Diante desse cenário, gostaria de apontar alguns desafios:
O acolhimento ao Lucas já está sendo feito pela comunidade artista e por grande parte da sociedade, que se identificou com a dor dele. A solidariedade sempre foi nosso mote. Mas insisto que a situação do Lucas deve ser um alerta para olharmos com carinho para outras juventudes adoecidas emocionalmente;
Outras pautas raciais seríssimas estão em jogo, não podemos permitir nos perdermos por conta da promoção intencional das nossas fragilidades;
Nós militantes pretos e pretas devemos nos atentar para a relação entre discurso e prática. Muitos de nós não falamos e nem defendemos mais quem verdadeiramente é nosso público. A arrogância há tempos nos assombra e nós temos uma dificuldade enorme de autoavaliação;
Sei que vou apanhar nessa: até para exigirmos de KarolcomKa, Nego Di, Lumena e Projota, devemos ser fraternos. O discurso punitivo a esses não mudará o mal que esse programa nos causou. O sistema já cumpre esse papel punitivo de forma bem orquestrada.
Enquanto refletia sobre os acontecimentos do BBB, as dores, angústias e brigas causadas entre nós, maratonei a 2ª temporada da série Pose. Uma narrativa das décadas de 80 e 90, que permeia a vida de gays e da população trans preta e periférica de Nova Iorque, vivendo à margem e numa luta contra o vírus da AIDS. Por mais disputas que houvesse entre as “Casas” nos bailes, a série nos provoca: quando um irmão ou irmã sofre, toda a comunidade vai à defesa, simplesmente por saber que o racismo e a LGTBfobia atingem a todes.
Segue uma boa dica de como é desafioso para nós não permitirmos que esse jogo enfraqueça nossa militância e história. Li na internet que estão ameaçando o filho da CarolComka, um menino de 15 anos. O que ele tem a ver com os erros da mãe? Defendemos o Lucas, mas fazemos violência com outro jovem?
Já temos dores demais, a cada corpo preto tombado e massacrado cotidianamente. Não podemos nos permitir a mais esse massacre orquestrado. Eles lucram e nós perdemos.

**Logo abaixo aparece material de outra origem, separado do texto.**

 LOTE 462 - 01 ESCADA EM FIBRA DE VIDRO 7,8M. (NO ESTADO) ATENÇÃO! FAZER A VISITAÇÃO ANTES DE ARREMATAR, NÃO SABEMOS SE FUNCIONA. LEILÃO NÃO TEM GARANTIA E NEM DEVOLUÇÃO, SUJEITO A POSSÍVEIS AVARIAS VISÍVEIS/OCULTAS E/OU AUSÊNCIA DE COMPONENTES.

Por fim, se eu pudesse dizer algo aos companheiros e companheiras que lá estão, traria um pouco da minha experiência profissional como educadora social. É muito fácil condenar, apontar o dedo, questionar um jovem negro periférico. Difícil e desafioso é estender a mão, num gesto concreto de fraternidade e acolhimento. É mais fácil desistir do que ter o trabalho de resgatar. Acredito que Lumena entendeu bem o recado nessa noite de domingo…
Não permitamos que o BBB seja para nós mais um instrumento de massacre!